Х а л и з е в В а л е н т и н. В кругу филологов. Воспоминания и портреты. М.: Прогресс-Плеяда, 2011. 360 с.

Многое зависит от того, кто мы, что мы и зачем, в какой форме и для чего мы существуем.

Александр Сокуров

Вышла новая книга В.Е. Хализева, которая будет особенно интересна читателям-филологам. Она не только обращена именно к ним, она — о них. Мемуары «В кругу филологов» вызывают интерес уже тем, что они написаны известным ученым, теоретиком и аналитиком литературы, автором с выраженными философскими интересами. И, как это всегда ему свойственно, в подкупающей спокойной простотой манере изложения.

Это воспоминания о студентах-сокурсниках, об учителях, «очных» и «заочных», о филологах общего с автором поколения. На эти части и делится книга: «Пора студенчества и аспирантуры», «Однокурсники: портреты, штрихи к портретам», «У кого я учился в университете», «Заочные учителя», «Филологи моего поколения», с Приложением и краткой библиографией.

Книга начинается с рассказа о студенчестве филологов Московского университета, выпавшем на последнее пятилетие (1948-1953 гг.) правления и жизни Сталина. И автор дает нам почувствовать, как этим все трудно и страшно определялось и как живая жизнь все-таки пробивалась к свету и молодость оставалась верна себе.

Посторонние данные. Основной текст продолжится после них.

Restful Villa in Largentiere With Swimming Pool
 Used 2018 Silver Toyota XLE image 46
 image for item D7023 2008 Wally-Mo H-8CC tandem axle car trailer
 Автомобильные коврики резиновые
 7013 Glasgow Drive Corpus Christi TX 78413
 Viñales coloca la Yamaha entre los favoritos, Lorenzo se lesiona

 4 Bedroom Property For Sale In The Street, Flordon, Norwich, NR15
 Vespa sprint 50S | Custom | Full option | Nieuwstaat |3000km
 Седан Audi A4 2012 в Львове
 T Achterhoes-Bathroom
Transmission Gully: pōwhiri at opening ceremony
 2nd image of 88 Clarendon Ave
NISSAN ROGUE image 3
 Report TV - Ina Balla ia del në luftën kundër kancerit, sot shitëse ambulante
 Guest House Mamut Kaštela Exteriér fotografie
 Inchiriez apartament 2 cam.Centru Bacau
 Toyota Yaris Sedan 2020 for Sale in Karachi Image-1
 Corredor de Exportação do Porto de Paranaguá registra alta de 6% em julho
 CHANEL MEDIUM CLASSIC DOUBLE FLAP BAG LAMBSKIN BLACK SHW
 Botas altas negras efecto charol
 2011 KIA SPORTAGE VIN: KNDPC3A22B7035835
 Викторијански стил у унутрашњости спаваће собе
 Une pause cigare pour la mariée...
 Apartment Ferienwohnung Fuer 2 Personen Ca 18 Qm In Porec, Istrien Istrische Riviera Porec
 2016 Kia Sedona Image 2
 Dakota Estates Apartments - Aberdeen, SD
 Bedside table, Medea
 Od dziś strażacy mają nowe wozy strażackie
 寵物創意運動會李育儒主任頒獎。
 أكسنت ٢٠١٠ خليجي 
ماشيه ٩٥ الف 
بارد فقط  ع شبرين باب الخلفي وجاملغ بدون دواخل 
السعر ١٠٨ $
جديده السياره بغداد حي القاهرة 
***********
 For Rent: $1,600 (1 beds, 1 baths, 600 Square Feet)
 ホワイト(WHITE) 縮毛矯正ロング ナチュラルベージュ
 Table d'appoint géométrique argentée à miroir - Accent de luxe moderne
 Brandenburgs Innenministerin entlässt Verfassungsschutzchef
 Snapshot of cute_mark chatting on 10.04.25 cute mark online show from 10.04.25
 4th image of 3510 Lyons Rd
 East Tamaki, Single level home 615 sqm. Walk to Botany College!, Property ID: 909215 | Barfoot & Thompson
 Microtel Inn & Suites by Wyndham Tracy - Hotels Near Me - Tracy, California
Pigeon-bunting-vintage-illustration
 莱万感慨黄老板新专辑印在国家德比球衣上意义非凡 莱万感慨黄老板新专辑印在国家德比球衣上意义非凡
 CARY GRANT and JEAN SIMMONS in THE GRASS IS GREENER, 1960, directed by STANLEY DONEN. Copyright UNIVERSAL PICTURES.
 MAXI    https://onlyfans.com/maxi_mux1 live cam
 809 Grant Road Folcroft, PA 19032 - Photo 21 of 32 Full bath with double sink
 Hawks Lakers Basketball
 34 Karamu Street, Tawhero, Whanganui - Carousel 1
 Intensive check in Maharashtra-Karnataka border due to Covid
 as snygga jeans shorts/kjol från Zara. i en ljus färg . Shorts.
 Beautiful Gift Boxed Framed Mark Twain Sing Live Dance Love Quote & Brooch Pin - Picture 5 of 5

Факультетская повседневная жизнь воспроизводится в своих характерных чертах через врезавшиеся в память или зафиксированные в дневниковых записях факты, отдельные эпизоды, диалоги студентов, реплики и «штрихи к портретам». Со страниц книги живо встают картинки жизни, которая сегодня может показаться, особенно молодым людям, не только неправдоподобно странной, но даже дикой. Это была учеба, когда главной в оценке трудов и успехов студента была не она, учеба, а «общественная работа». Когда важнейшим занятием были политинформация и регулярно проводимые взаимопроверки «политграмотности» студентов. Когда под видом критики и самокритики комсомольцы «грызли» друг друга на собраниях, когда комсомольские и партийные руководители выносили на общий суд и решали проблемы личной, интимной жизни студентов (история «персонального дела» из-за аборта студентки). Виной,

189

наказанной комсомольским взысканием, могла быть неосторожная реплика студентки, например Нелли Шугаевой, так высказавшейся по поводу грязных скатертей в буфете: «Какой же это социализм?» В учебных курсах истории литературы филологи ничего не слышали о поэзии символистов, шире — модернистов, сам Серебряный век «был за семью печатями», а из поэзии А. Блока оставалась только поэма «Двенадцать». Это и приводило к тому чудовищному и неизбежному невежеству филологов нашего поколения, которое потом с таким запозданием, медленно и трудно преодолевалось. Не миновала наш курс и самая страшная чаша — аресты, сталинские репрессии. Как рассказывается в мемуарах, это были аресты трех студентов — К. Богатырева, В. Розова и Э. Ляховича, которые для первых двух закончились трагической гибелью. Все это и питало в душах людей того времени голос страха, принуждающего к молчанию.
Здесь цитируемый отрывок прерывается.